Trajectories of all flux variables \(\{\varphi _i \}_{i=1}^N\) for a typical Ising spin-glass model with \(N=10,000\) and \((\delta \tau )^{-1}= 50{,}000\).

Figure 4
figure 4

(a) Trajectories of would-be ambivalent variables \(\overline{\varphi }_{i^{\prime}}\) with \(i^{\prime}=1,2, \dots , n\). (b) Trajectories of would-be frozen variables \(\overline{\varphi }_{i^{\prime}}\) with \(i^{\prime}=n+1, \dots , N\). Here, n and N are taken to be 400 and 10,000, respectively. Distributions of would-be frozen and ambivalent variables at \(\tau =0.1\) (c) and at \(\tau =0.8\) (d).
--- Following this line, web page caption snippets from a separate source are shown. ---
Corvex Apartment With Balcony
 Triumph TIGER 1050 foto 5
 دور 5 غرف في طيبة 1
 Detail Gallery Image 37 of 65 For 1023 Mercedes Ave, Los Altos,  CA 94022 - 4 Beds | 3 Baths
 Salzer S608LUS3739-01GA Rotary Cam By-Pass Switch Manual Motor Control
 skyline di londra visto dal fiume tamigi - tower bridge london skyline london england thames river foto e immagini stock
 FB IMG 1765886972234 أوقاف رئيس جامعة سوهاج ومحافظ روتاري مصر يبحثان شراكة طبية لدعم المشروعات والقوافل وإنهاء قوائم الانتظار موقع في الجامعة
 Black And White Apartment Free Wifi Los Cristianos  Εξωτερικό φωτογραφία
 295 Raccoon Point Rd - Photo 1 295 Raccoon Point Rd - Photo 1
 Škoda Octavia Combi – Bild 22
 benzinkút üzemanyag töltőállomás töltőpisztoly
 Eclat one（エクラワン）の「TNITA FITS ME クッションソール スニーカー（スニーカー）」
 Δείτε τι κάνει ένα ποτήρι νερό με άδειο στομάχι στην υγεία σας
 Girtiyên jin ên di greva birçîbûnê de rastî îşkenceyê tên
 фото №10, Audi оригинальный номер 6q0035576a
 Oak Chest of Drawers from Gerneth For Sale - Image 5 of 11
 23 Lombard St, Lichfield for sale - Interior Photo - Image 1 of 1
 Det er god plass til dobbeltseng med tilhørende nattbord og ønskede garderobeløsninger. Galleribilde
Sorting frozen and ambivalent variables

Shown in Fig. 3 are all trajectories \(\{ \varphi _i \}_{i=1}^N\) (\(N=10{,}000\)) as a function of \(\tau\) in a test MD evolution with a single set of Ising spin-glass parameters picked up randomly in the intervals, \(-1 \le J_{ij} \le +1\) and \(-2 \le h_i \le +2\). The MD time step \(\delta \tau\) is chosen to be 1/50,000. Moreover, we make an identification, \(g=\delta \tau\), so that the small time step corresponds to the adiabatic evolution. Although there is a tendency that \(\varphi _i\) fall into two categories with positive sign and negative sign, we need a criterion to separate them in a quantitative manner. For that purpose, let us introduce time-averaged flux variables,

$$\begin{aligned} \overline{\varphi }_i(\tau ) \equiv \frac{1}{\delta } \int ^{\tau }_{\tau -\delta } d\tau ^{\prime} \, \varphi _i(\tau ^{\prime}), \end{aligned}$$
(5)

where the interval \(\delta\) should be sufficiently larger than \(\delta \tau\) and sufficiently smaller than 1. Then all trajectories can be sorted by using their magnitudes at \(\tau =1\) as \(\bigl | \overline{\varphi }_{1^{\prime}} (\tau =1) \bigr | \le \bigl | \overline{\varphi }_{2^{\prime}} (\tau =1) \bigr | \le \cdots \le \bigl | \overline{\varphi }_{n^{\prime}} (\tau =1 ) \bigr | \le \cdots \le \bigl | \overline{\varphi }_{N^{\prime}} (\tau =1 ) \bigr |\) where \(i^{\prime}\) is an index after the sorting and n is an arbitrarily chosen integer less than N. Then, we call the n low-lying trajectories, \(\left\{ \varphi _{i^{\prime}}\right\} _{i^{\prime}=1}^n\), as ambivalent variables, and the rest is called frozen variables. Shown in Fig. 4a with \(\delta = 100 \cdot \delta \tau\) are the time-averaged trajectories \(\left\{ \overline{\varphi }_{i^{\prime}} (\tau ) \right\} _{i^{\prime}=1}^n\) with \(n=400\), while Fig. 4b shows all the other 9600 trajectories. These figures indicate that most of the flux variables are frozen in sign after the MD evolution, while small number of ambivalent variables remains at \(\tau =1\). In Fig. 4c,d, we show the distributions of the would-be frozen and ambivalent variables at an early time (\(\tau =0.1\)) and at a late time (\(\tau =0.8\)). As the time goes by, the distinction between two categories becomes prominent.

Figure 5
figure 5

Flowchart of the hybrid quantum annealing (HQA) via molecular dynamics (MD).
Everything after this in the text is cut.